Is physical deconditioning a perpetuting factor in chronic fatigue syndrome? A controlled study on maximal exercise performance and relations with fatigue, impairment, and physical activity

Department of Medical Psychology, University of Nijmegen, The Netherlands.
Psychological Medicine (Impact Factor: 5.94). 02/2001; 31(1):107-14. DOI: 10.1017/S0033291799003189
Source: PubMed


Chronic fatigue syndrome (CFS) patients often complain that physical exertion produces an increase of complaints, leading to a greater need for rest and more time spent in bed. It has been suggested that this is due to a bad physical fitness and that physical deconditioning is a perpetuating factor in CFS. Until now, studies on physical deconditioning in CFS have shown inconsistent results.
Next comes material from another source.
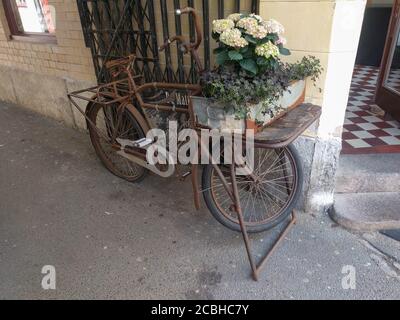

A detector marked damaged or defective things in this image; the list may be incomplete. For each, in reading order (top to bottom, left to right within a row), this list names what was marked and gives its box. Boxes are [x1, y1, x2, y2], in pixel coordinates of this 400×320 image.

rusty bicycle [67, 6, 320, 278]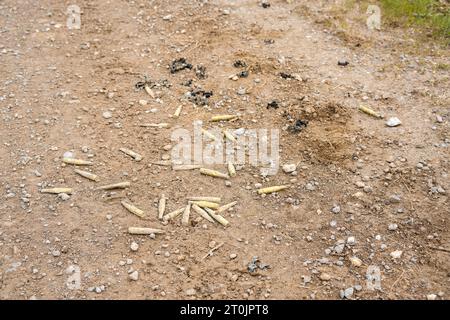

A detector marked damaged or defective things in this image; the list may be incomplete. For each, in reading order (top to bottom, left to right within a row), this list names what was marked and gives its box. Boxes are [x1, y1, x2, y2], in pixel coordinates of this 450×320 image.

dark charred debris [168, 58, 191, 74]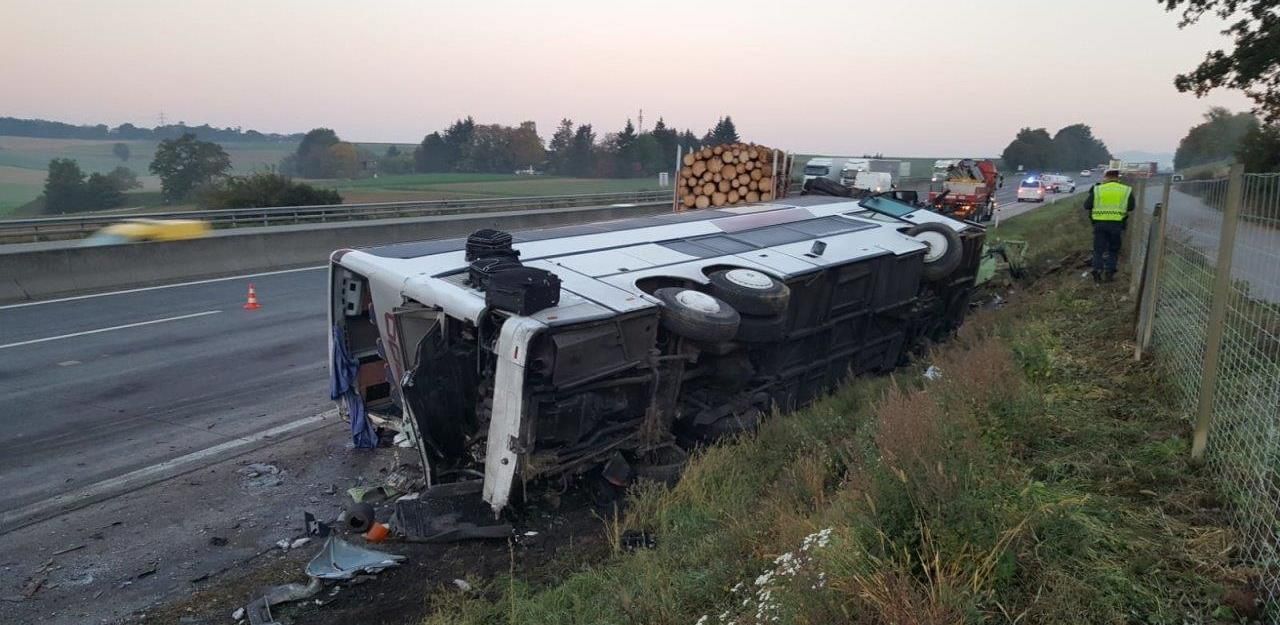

Twenty CFS patients and 20 matched neighbourhood controls performed a maximal exercise test with incremental load. Heart rate, blood pressure, respiratory tidal volume, O2 saturation, O2 consumption, CO2 production, and blood-gas values of arterialized capillary blood were measured. Physical fitness was quantified as the difference between the actual and predicted ratios of maximal workload versus increase of heart rate. Fatigue, impairment and physical activity were assessed to study its relationship with physical fitness.
There were no statistically significant differences in physical fitness between CFS patients and their controls. Nine CFS patients had a better fitness than their control. A negative relationship between physical fitness and fatigue was found in both groups. For CFS patients a negative correlation between fitness and impairment and a positive correlation between fitness and physical activity was found as well. Finally, it was found that more CFS patients than controls did not achieve a physiological limitation at maximal exercise.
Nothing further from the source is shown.